U.S. stock index futures were higher Wednesday, as Wall Street gears up to reopen after Hurricane Sandy caused its first two-day weather-related market closure since 1888.
Investors forecast heightened volatility when markets reopen on Wednesday, the final trading day of the month, due to pent-up demand from the two-day closure.
Estimates of the cost of Sandy to the U.S. economy vary between $10 billion and $50 billion. Nearly 50 deaths have been reported so far, according to the Associated Press, and millions of homes are still left without power. (Read More: Storm Recovery Could Take Weeks as Millions Struggle)

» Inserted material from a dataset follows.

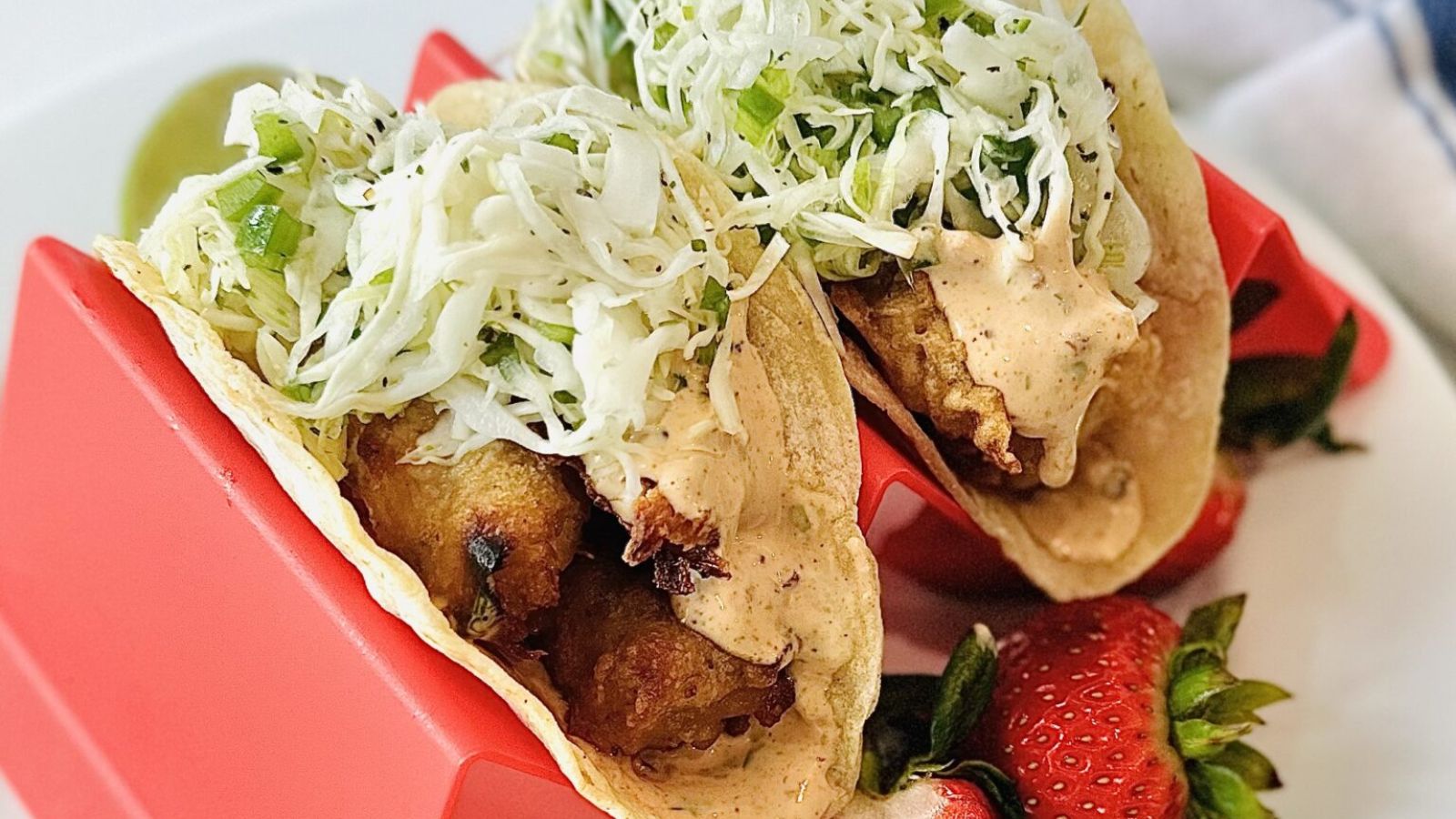 Two tacos with fried fish.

"It should be a wild session. It will be interesting to see what the volume is like but I expect significant volatility," Michael Yoshikami, founder & chief executive of Destination Wealth Management, told CNBC Europe's "Squawk Box".
"Fortunately we have earnings postponed by a number of companies until Thursday or Friday."
On the earnings front, General Motors rallied after the automaker posted better-than-expected earnings and said it was targeting a return to breakeven levels in its money-losing European operations by mid-decade.
Meanwhile, a batch of companies scheduled to report throughout the week have delayed their earnings reports due to the hurricane. Among companies that were scheduled to post earnings today, Ralph Lauren will now report on Thursday, McGraw-Hill will now post on Friday, while Time Warner Cable will now report next Monday.
(Read More: Companies Delay Earnings Reports)
On the macroeconomic side, investors will look ahead to the Labor Department's monthly jobs report, due on Friday.
The Chicago Purchasing Managers Index (PMI) of manufacturing activity for October is due at 9:45 a.m. on Wednesday. Analysts polled by Briefing.com expect the index to rise from 49.7 to 50.9. PMI readings above 50 signal expansion in activity.